What Changed in Roblox 2026 — Parents Guide to Age Verification, Kids Accounts, and Chat
Vladislav Sham
Roblox changed a lot in 2026, but the biggest updates are not new games or graphics. The most important changes for families are mandatory age checks for communication, new Roblox Kids and Roblox Select account types for younger users, AI-powered chat moderation, and a coming shift to more familiar age ratings. If you have not reviewed your child’s Roblox settings in the past year, this guide explains what changed and what parents should check now.
The short version is simple: Roblox now ties communication, content access, and parental controls more closely to a child’s verified or estimated age. That makes the platform more structured than it was before, but it also means old settings should not be left on autopilot.
What Changed in Roblox in 2026
If you last opened Roblox’s parental controls one or two years ago, you are not looking at the same platform anymore. Over the past 18 months, Roblox has changed more aggressively than it did during much of the previous five years — not because one new feature arrived, but because legal pressure, child-safety criticism, and global regulation pushed the platform to rethink how young users are verified, categorized, allowed to chat, and shown games.
The three changes parents need to understand first are simple. Roblox now requires facial age checks for users who want to access chat in regions where chat is available. It is launching two new account types for children and younger teens — Roblox Kids for ages 5–8 and Roblox Select for ages 9–15 — in early June 2026. And later in 2026, Roblox plans to move its content ratings toward the International Age Rating Coalition framework, which connects ratings to familiar systems like ESRB in the U.S. and PEGI in Europe.
Why Roblox Made These Changes
Roblox’s safety changes did not arrive in a vacuum. They came after years of criticism that the platform was too easy for children to use socially, too difficult for parents to understand, and too slow to separate younger users from older strangers. By April 2026, Roblox was facing not only public pressure but also a major legal wave.
A federal multidistrict litigation, In re: Roblox Corporation Child Sexual Exploitation and Assault Litigation, is active in the Northern District of California. The court lists the case as a multidistrict proceeding filed on December 12, 2025, in San Francisco before Judge Richard Seeborg. Some plaintiff-side legal trackers reported that at least 146 cases had been consolidated into the Roblox MDL by April 2026, though parents should treat law-firm case-count pages as litigation summaries rather than neutral official Roblox documentation.
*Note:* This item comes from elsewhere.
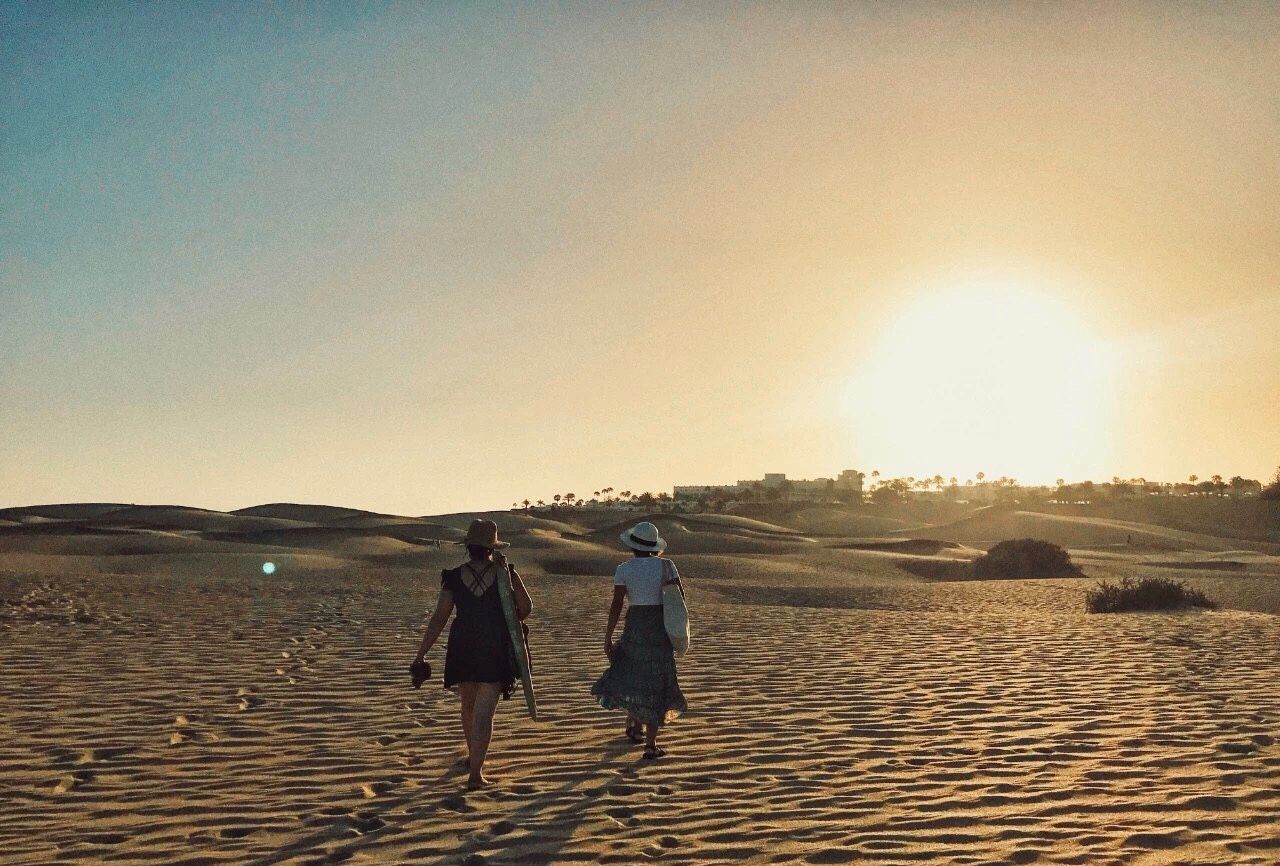 第一次越南旅游芽庄,越南芽庄骑行旅行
State and local governments also moved against the company. Texas Attorney General Ken Paxton sued Roblox in November 2025, accusing the company of ignoring child-safety laws and misleading parents about platform risks. Louisiana sued Roblox in August 2025, alleging that the platform failed to protect children from sexual predators; Roblox denied those allegations and pointed to its safety systems and reporting tools. Iowa also filed a Roblox complaint in late 2025, and that complaint referenced the then-pending push to consolidate Roblox child-exploitation lawsuits in federal court.
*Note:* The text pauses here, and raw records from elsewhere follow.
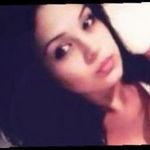 Lisa Dortch - @lisadortch9491 - Instagram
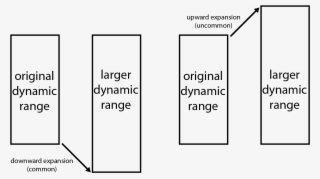 31463 - Number #9097538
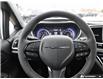 2026 Chrysler Pacifica Select (Stk: T8017) in Hamilton - Image 14 of 27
In February 2026, Los Angeles County filed its own lawsuit. The county alleged that Roblox marketed itself as a safe creative space while failing to protect children from predators, inappropriate content, grooming, and exploitation. The county also alleged that Roblox had not implemented effective moderation or age-verification systems despite public safety assurances. Roblox has denied many of the broader claims made against it, but the lawsuit matters because it shows that the pressure is no longer coming only from individual families. It is now coming from government consumer-protection offices too.
The pressure is global as well. Turkey blocked Roblox in 2024 over concerns that content on the platform could lead to child exploitation. Egypt officially blocked Roblox in February 2026, with regulators citing risks to children and harmful content. This matters because Roblox’s 2026 safety redesign is not just a U.S. legal response. It is also an attempt to survive a world where governments are increasingly willing to restrict or ban platforms used heavily by children.
For parents, the takeaway is blunt: Roblox changed because the old trust model broke. The platform is now trying to prove, to families and regulators, that a child’s age, chat access, content access, and parent controls can be tied together more tightly.
Mandatory Age Verification for Chat — What Parents Need to Know
The most immediate Roblox new safety feature in 2026 is age verification for chat. On January 7, 2026, Roblox announced that its age-check requirement for chat was rolling out globally wherever chat is available. Users in the U.S. and other regions began seeing prompts to complete an age check before chatting with others.
The system uses facial age estimation. In practice, the user opens Roblox, uses the device camera, and completes an in-app age check. Roblox says images and videos used for facial age estimation are deleted immediately after secure processing, and that the technology is provided by Persona. Users aged 13 or older can also use ID verification in some cases.
Once Roblox estimates or verifies a user’s age, chat access is no longer treated as one universal permission. Instead, Roblox groups users by age. The company says age-based chat is designed to prevent children under 16 from communicating with adults by default. For example, users in the 9–12 group can chat with users in their own group and adjacent groups, such as under 9 and 13–15, but not with adults.
This is a major shift for any parent who previously thought of Roblox safety as a simple toggle: chat on or chat off. The 2026 version is more layered. Chat depends on age checking, age group, parental consent for some younger users, and “Trusted Connections” for older users who want to communicate more freely with people they know.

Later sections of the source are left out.